This is only my small local example of what I think Ms. LaDuke was
describing in her remarks a few weeks ago. Still, for me, it reveals a
very simple, yet effective, principle of reductionism in our
contemporary dominant culture when it comes to naming some of the most
powerful and ineffable mysteries of nature.
Names given to great
mountains, canyons, lakes, rivers, trees and other wondrous
manifestations of the natural world reveal, or betray, the true values
of the namer. In today's world, this kind of naming or description
ultimately can be an insidious form of propaganda that diverts us --
all of us -- from accessing a deeper ancient knowledge and wisdom about
ourselves and the mysterious natural world we are honored to be a part
of for our short time here.
The good news is that indigenous peoples and others are beginning to
"rename and reclaim" some of the sacred places in the world. Mount
McKinley, the highest mountain in the U.S., was named in 1896 for the
former governor of Ohio, William McKinley, who later became President.
But in 1980, when the Denali National Park and Preserve was
established, the Alaska Board of Geographic Names officially changed
the mountain's name back to Denali, which in the Athabaskan language means "the great one."

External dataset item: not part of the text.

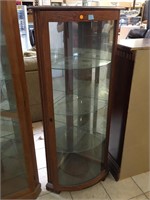 Lighted Corner curio cabinet w/curved glass door,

Similarly, the landmark mountain in Central Australia that has been
sacred to aboriginal people was known as Uluru until 1873, when a
surveyor renamed it Ayers Rock after the then-Chief Secretary of South
Australia. However, since 1993, a dual-naming policy has been in
effect which allows official names that represent both the traditional
Aboriginal name and the English name, and the sacred mountain is now
officially known as Uluru/Ayers Rock. Such a government policy might
have a healing effect in other countries with a tragic history
regarding its indigenous peoples while revealing ancient values, and
perhaps greater knowledge and insights, to all of its people.